Chi non ha con sé il necessario per pernottare torna a prendere le macchine a Monterosso servendosi di pullman fino a La Spezia e da qui del trenino fino a Monterosso. Chi rimane si occupa della spesa per la cena. Qualche fortunato (come la sottoscritta) riesce anche a fare un giro turistico per la bella Porto Venere.
Il 
pernotto è previsto nella foresteria dell’isola. Così alle otto e trenta circa 
ci imbarchiamo di nuovo alla volta di Palmaria. Siamo carichi di cibo bevande e 
tutto l’occorrente per dormire. La traversata per fortuna è breve. Con le 
frontali accese, facciamo lo slalom tra i numerosi pali e le reti d’allevamento 
per le cozze. Affamati e stanchi portiamo in secca i kayak. Carichiamo gli zaini 
e ci accingiamo a compiere una mezz’oretta di trekking sottobosco per 
raggiungere la foresteria in cima all’isola. Tempo di fare una doccia e di 
organizzare la cucina e ci raggiungono anche Antonio e Stefano che rientrano da 
Monterosso.
La giornata è stata lunga ma piena di cose belle. Dire buonanotte e piombare in 
un sonno profondo quanto il mare è un attimo.
Il 
giorno dopo giornata uggiosa. Tira il previsto Libeccio. Mentre si decide di 
fare il giro dell’isola a piedi Francy e Duilio rientramo a Porto Venere per 
andare a recuperare la macchina a Monterosso (24 € di parcheggio: tanto per 
farvi capire quanto è prezioso lo spazio in quei posti!).

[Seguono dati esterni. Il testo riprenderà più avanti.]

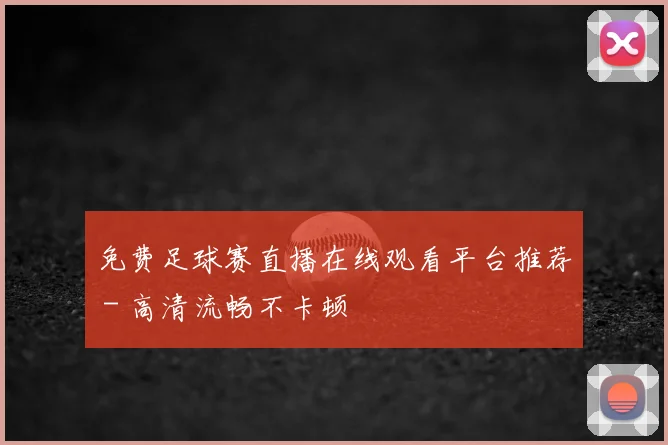 免费足球赛直播在线观看平台推荐 - 高清流畅不卡顿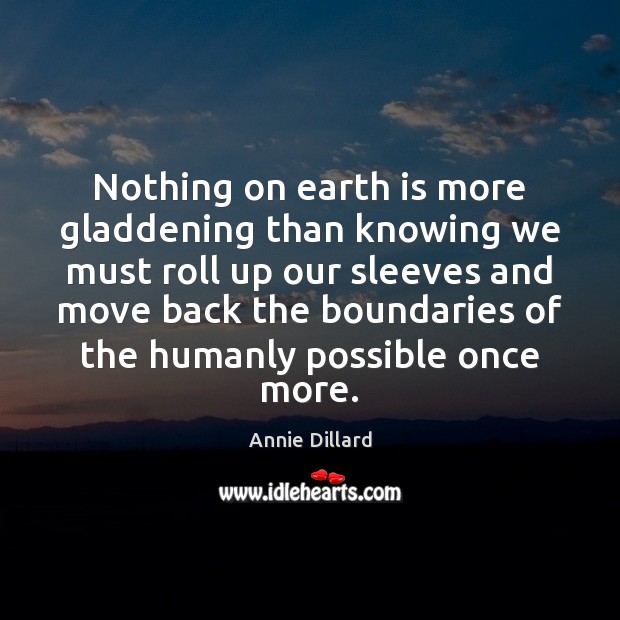 Nothing on earth is more gladdening than knowing we must roll up Annie Dillard Picture Quote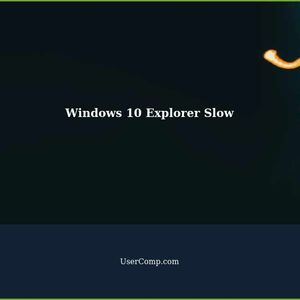 Windows 10 Explorer is very slow when first opened/used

Il mare fuori dal canale è mosso. All’interno invece siamo riparati dal cono di 
Palmaria ma i colori e le sembianze del mare sono cambiati rispetto a ieri e 
tira una antipatica corrente. L’accesso ad ovest del canale è libero dalle 
numerose barche turistiche del giorno prima. Al loro posto entrano onde che si 
gonfiano e avanzano rapidamente contenute tra la costa di Palmaria e quella di 
Porto Venere. Lineari e perfette sembrano disegnate come quelle di un cartone 
animato.
Dopo il tragitto in pullman, in treno e in macchina (circa tre ore di mezzi) Francy e Duilio rientrano a Porto Venere per recuperare i kayak. Il resto della “ciurma” sta rientrando da Palmaria. Che tempismo! Il mare si è calmato, il vento ha girato a Ponente. Quasi a voler voltar pagina. Il resto sono saluti e abbracci per riguadagnare la strada di casa verso Genova e Roma.
Trascorriamo il viaggio del rientro inebriati dalla nuova esperienza. Orfani dei compagni con i quali abbiamo trascorso due belle giornate.
Un salutone a Luisa che ci ha condotto per quei posti incantevoli e a tutti i ragazzi della Canoa Verde.